_Exercise details:_ Give back the records below verbatim, please, but without a single image.

_Data records:_
-- Opening Marker --
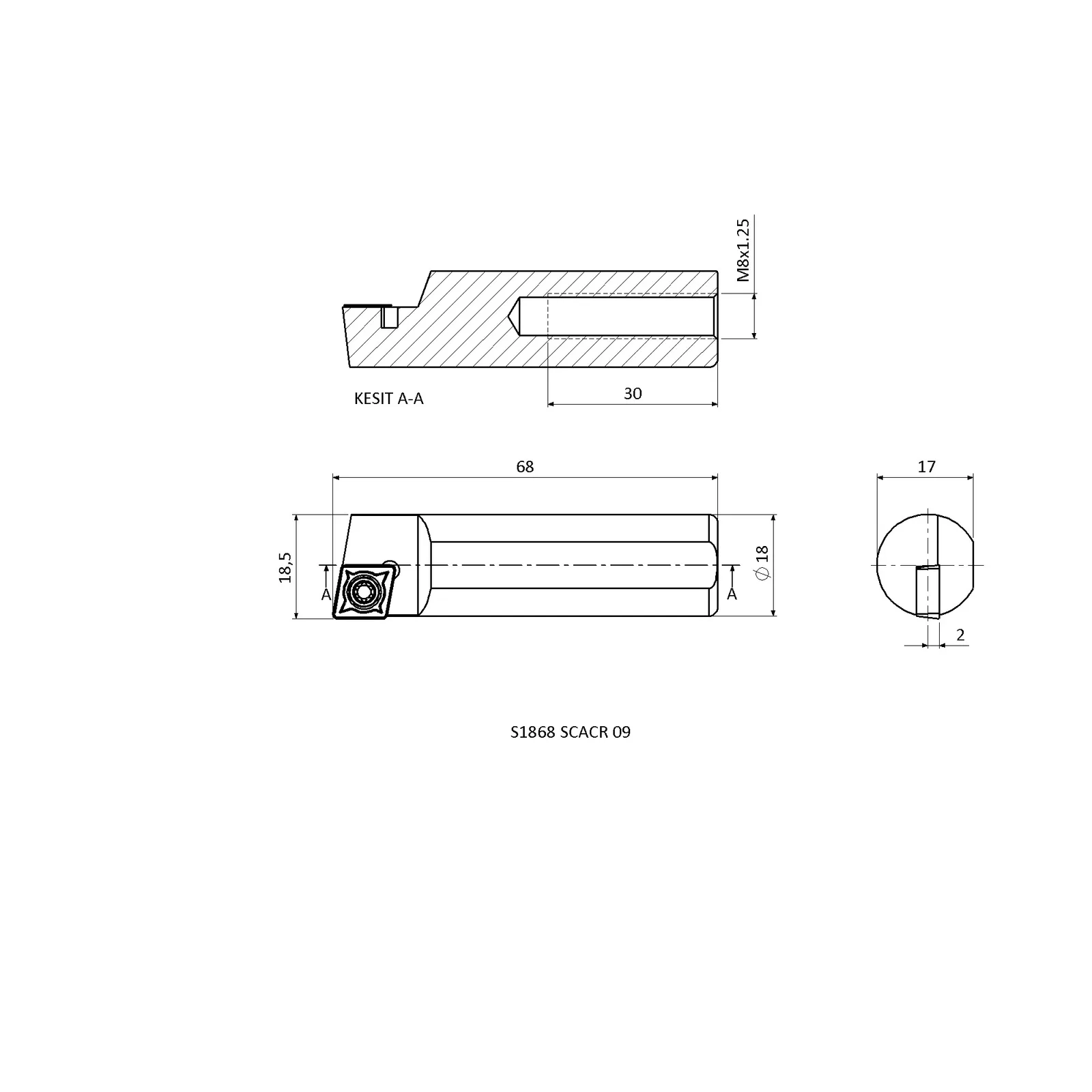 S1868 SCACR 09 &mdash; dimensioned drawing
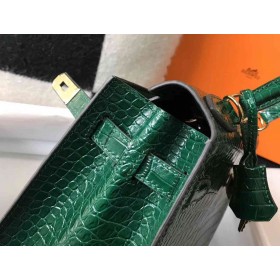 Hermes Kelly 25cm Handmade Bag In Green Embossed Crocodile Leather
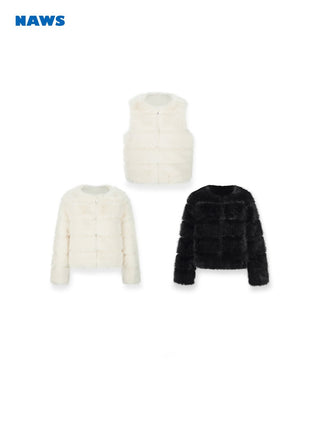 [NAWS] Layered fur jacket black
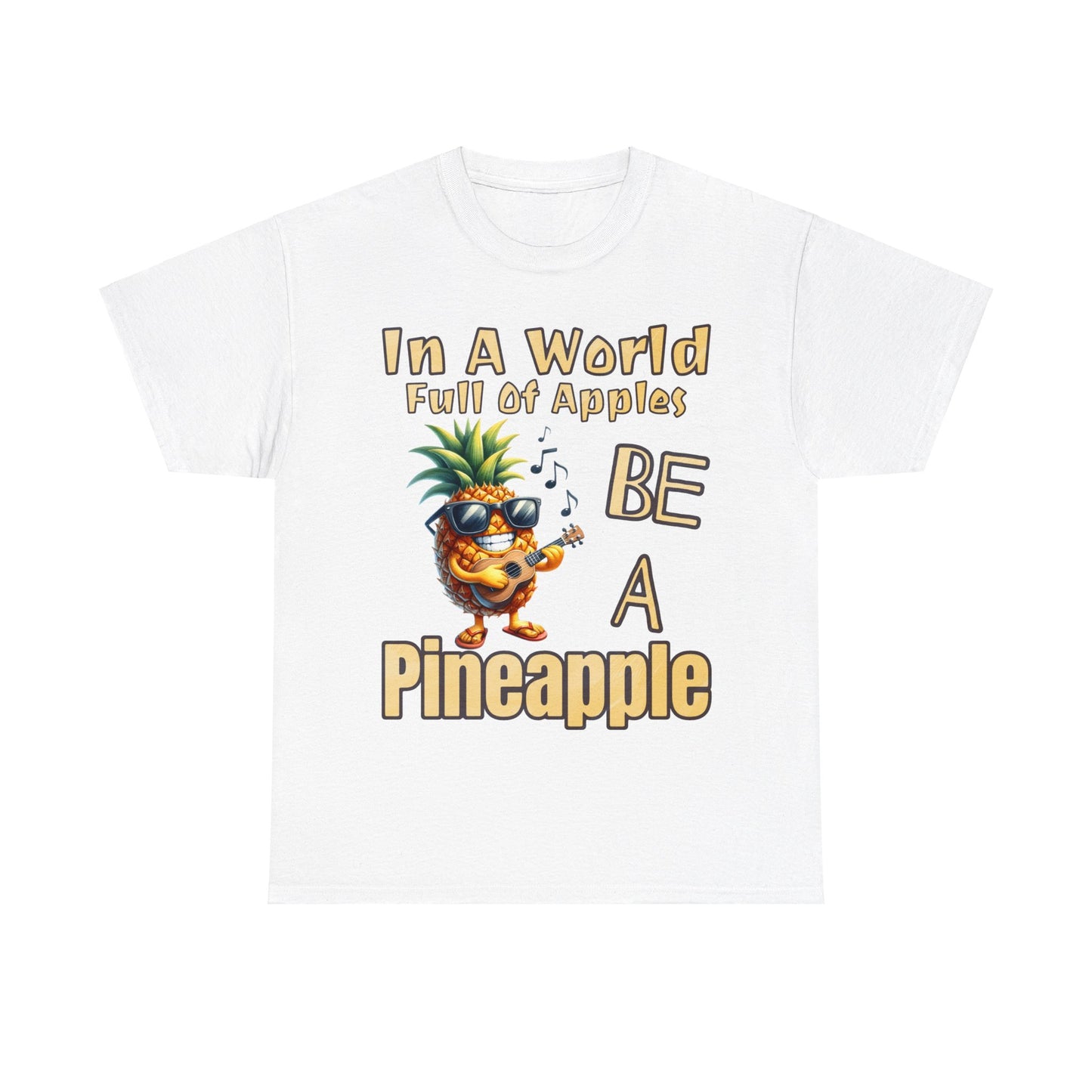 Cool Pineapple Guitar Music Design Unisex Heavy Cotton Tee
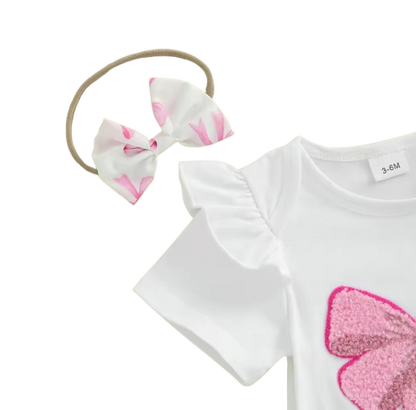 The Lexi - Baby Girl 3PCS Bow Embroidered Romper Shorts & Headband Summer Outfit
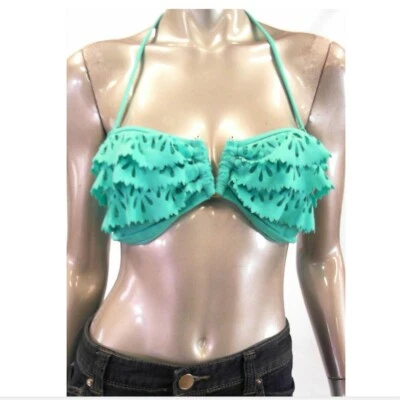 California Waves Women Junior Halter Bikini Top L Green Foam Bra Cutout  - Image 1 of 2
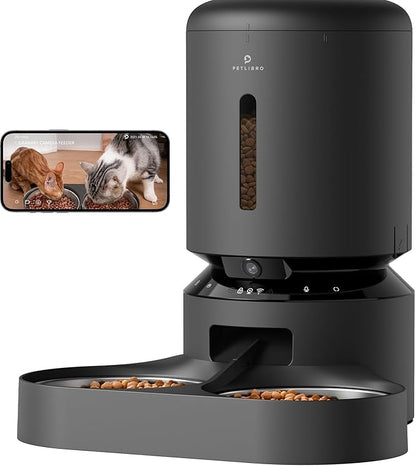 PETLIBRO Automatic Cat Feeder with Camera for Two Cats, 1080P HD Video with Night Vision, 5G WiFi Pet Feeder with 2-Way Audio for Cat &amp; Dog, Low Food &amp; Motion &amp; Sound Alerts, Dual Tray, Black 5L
-- Closing Marker --
_Solution to this exercise:_
 S1868 SCACR 09 &mdash; dimensioned drawing
 Hermes Kelly 25cm Handmade Bag In Green Embossed Crocodile Leather
 [NAWS] Layered fur jacket black
 Cool Pineapple Guitar Music Design Unisex Heavy Cotton Tee
 The Lexi - Baby Girl 3PCS Bow Embroidered Romper Shorts & Headband Summer Outfit
 California Waves Women Junior Halter Bikini Top L Green Foam Bra Cutout  - Image 1 of 2
 PETLIBRO Automatic Cat Feeder with Camera for Two Cats, 1080P HD Video with Night Vision, 5G WiFi Pet Feeder with 2-Way Audio for Cat &amp; Dog, Low Food &amp; Motion &amp; Sound Alerts, Dual Tray, Black 5L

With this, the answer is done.